Priorité aux polémiques 
«Robots sans conscience», voilà une expression que l’on utilise volontiers pour décrire ces ados dont les circuits de récompense sont presque exclusivement stimulés par les algorithmes des médias sociaux. Ils déroulent pendant des heures d’interminables flux sans consistance. Faut-il pour autant considérer cela avec un pessimisme culturel? Ne vit-on pas plutôt bien, dans le village global, dans la société numérique tribale? Quand on interroge Philipp Meier, spécialiste des médias sociaux et développeur communautaire du site d’information swissinfo.ch, sur l’épatant nouveau monde électronique que dépeint Marshall McLuhan, il se montre d’abord sceptique: «Le mot ‹tribu› évoque pour moi la polarisation.» Les canaux numériques sont résumables en une seule question: à quelle tribu appartiens-tu, «la tienne ou la mienne»? Pas de quoi étonner M. Meier, étant donné le mode de fonctionnement des algorithmes. Lui aussi se retrouve parfois empêtré «dans ces tourbillons». Il rappelle que ceux-ci privilégient les polémiques, récompensant «disputes et débats émotionnels».
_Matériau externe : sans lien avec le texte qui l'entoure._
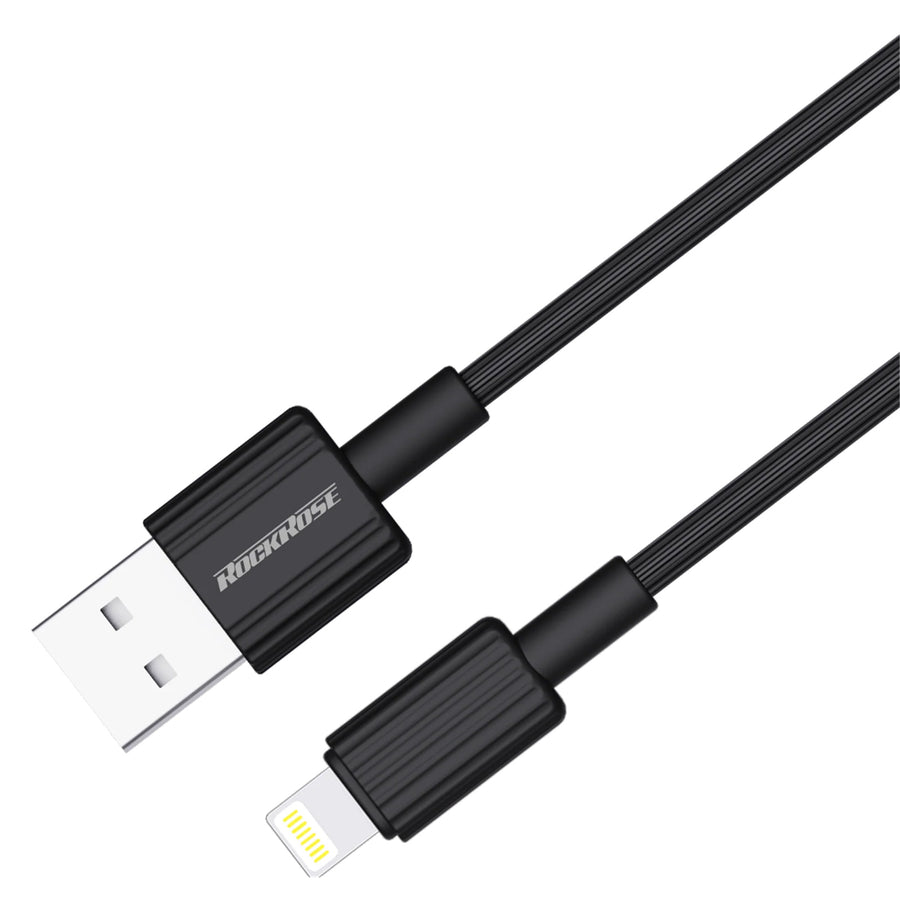 RockRose Arrow USB-A to Lightning Cable - 1m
La bulle, un espace protégé 
Marshall McLuhan avait déjà perçu ce que son utopie électronique recelait de contradictoire. En général, ses idées n’étaient jamais strictes et ne visaient pas à l’être: «Dans le village planétaire, les interactions peuvent être très compliquées et les situations très agressives.» Rien à voir avec un monde idéal, donc. David Bosshart, directeur de l’Institut Gottlieb Duttweiler, déclarait récemment dans une entrevue que les «tribus» modernes étaient animées surtout par des sen­timents et difficilement influençables: «Pour rester unies, elles doivent être en perpétuelle ébullition. Ces émotions partagées les soudent. Rien n’a changé depuis les chasseurs-cueilleurs.» Pour Philipp Meier, notre spécialiste des réseaux sociaux, cela serait à la fois une malédiction et une bénédiction. De nombreuses minorités et sous-cultures se rassemblent dans l’opacité numérique, où les médias sociaux exercent un effet identitaire. Plutôt que de «tribus», M. Meier préfère parler de «bulles». Associée à la fragmentation de la sphère publique, au péril de l’échange démocratique, au cloisonnement des espaces d’opinion, cette métaphore a acquis une connotation négative. Philipp Meier se représente volontiers les bulles comme des «espaces protégés», par exemple pour les personnes queer. Anna Rosenwasser, auteure et nouvelle conseillère nationale, a ainsi créé un tel espace («ou, en ce qui me concerne, fondé une tribu»), où celles et ceux qui ne trouvent pas grâce auprès de l’opinion publique se sentiront à la maison. M. Meier estime que les médias s’intéressent trop peu à ces exemples positifs. Les analyses de la façon dont Mme Rosenwasser a mené une campagne électorale fructueuse à partir de cette bulle ont été trop rares. Elle est, en quelque sorte, la première influenceuse à siéger au Palais fédéral. Et ce petit espace, soudain perceptible à grande échelle, fonctionne tout à fait globalement, comme l’explique M. Meier en prenant l’exemple des mèmes musicaux avec leurs danses spécifiques, qui deviennent viraux sur TikTok. Si «toutes les cultures ont l’impression de danser sur le même air», il pense que l’on peut y voir une nouvelle forme de compréhension entre les peuples. Et pourquoi pas «ce que l’ONU aurait voulu devenir»? 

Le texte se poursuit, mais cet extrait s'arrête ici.